- Opening Delimiter -

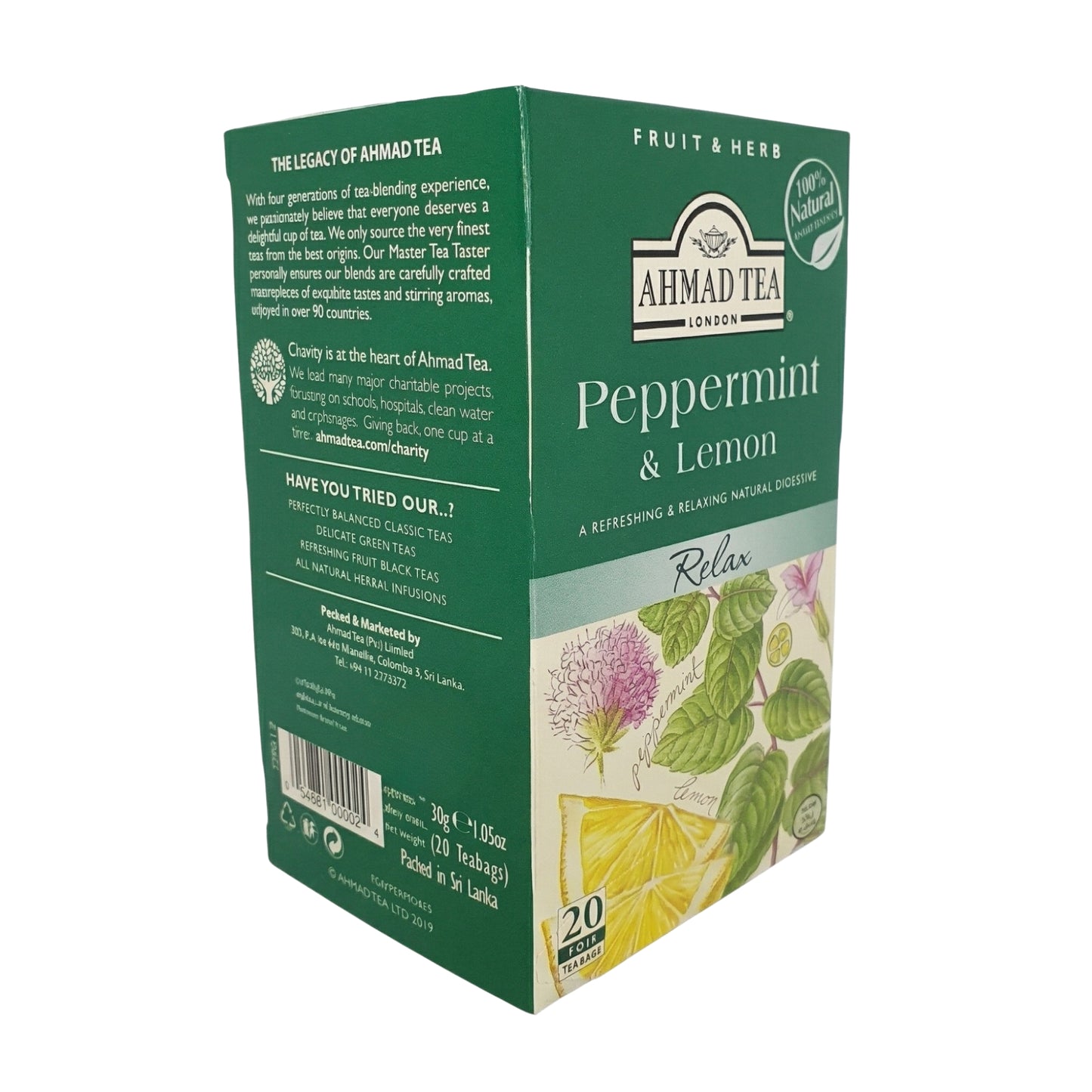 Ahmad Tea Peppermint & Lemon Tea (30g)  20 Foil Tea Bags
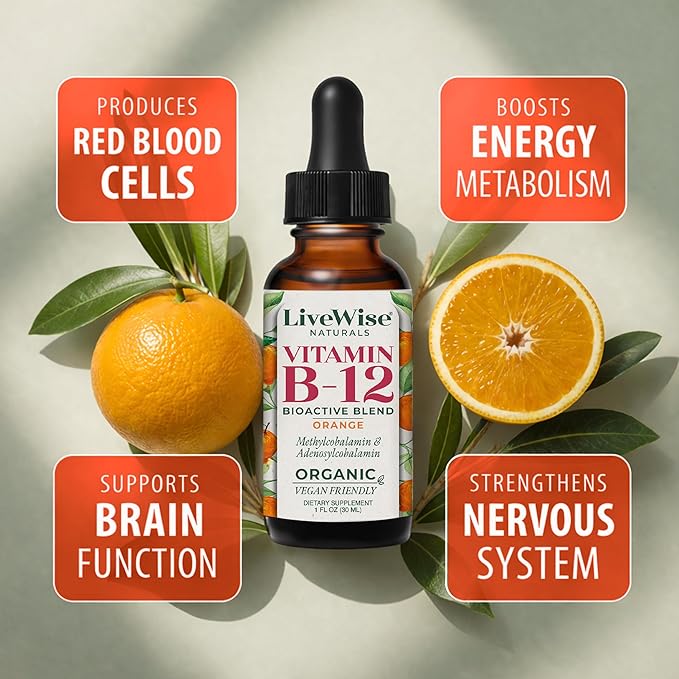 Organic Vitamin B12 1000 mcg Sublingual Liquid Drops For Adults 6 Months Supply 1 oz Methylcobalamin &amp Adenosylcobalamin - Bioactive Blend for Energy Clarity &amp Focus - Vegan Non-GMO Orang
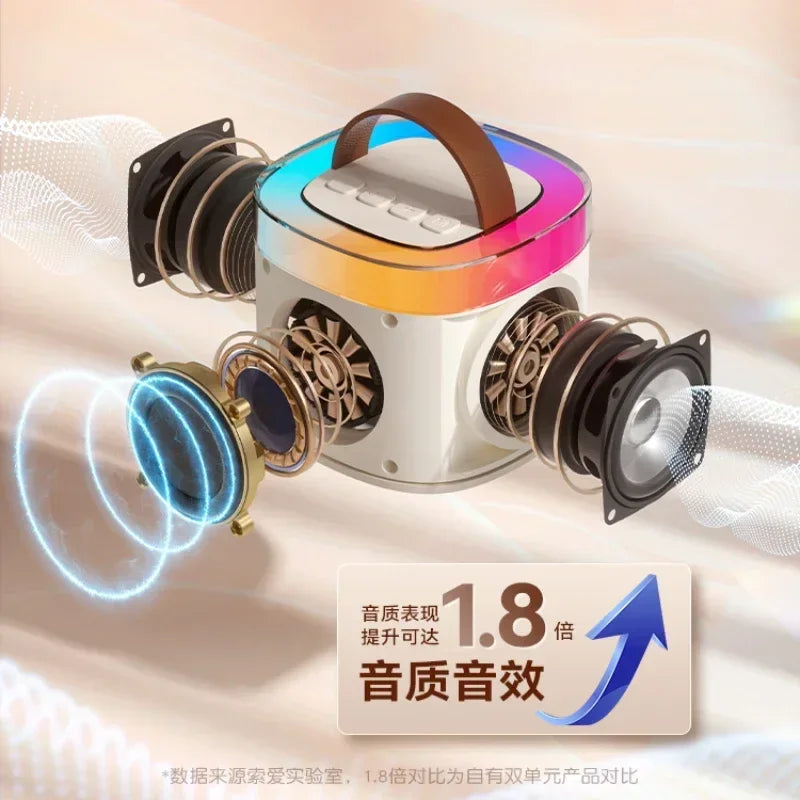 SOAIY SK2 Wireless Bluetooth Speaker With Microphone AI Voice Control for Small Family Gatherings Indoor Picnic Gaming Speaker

- Closing Delimiter -

-- YOUR OBJECTIVE --
Before you return the listing, strip out its pictures; all else must match exactly.

-- ANSWER TO THIS TASK --
 Ahmad Tea Peppermint & Lemon Tea (30g)  20 Foil Tea Bags
 Organic Vitamin B12 1000 mcg Sublingual Liquid Drops For Adults 6 Months Supply 1 oz Methylcobalamin &amp Adenosylcobalamin - Bioactive Blend for Energy Clarity &amp Focus - Vegan Non-GMO Orang
 SOAIY SK2 Wireless Bluetooth Speaker With Microphone AI Voice Control for Small Family Gatherings Indoor Picnic Gaming Speaker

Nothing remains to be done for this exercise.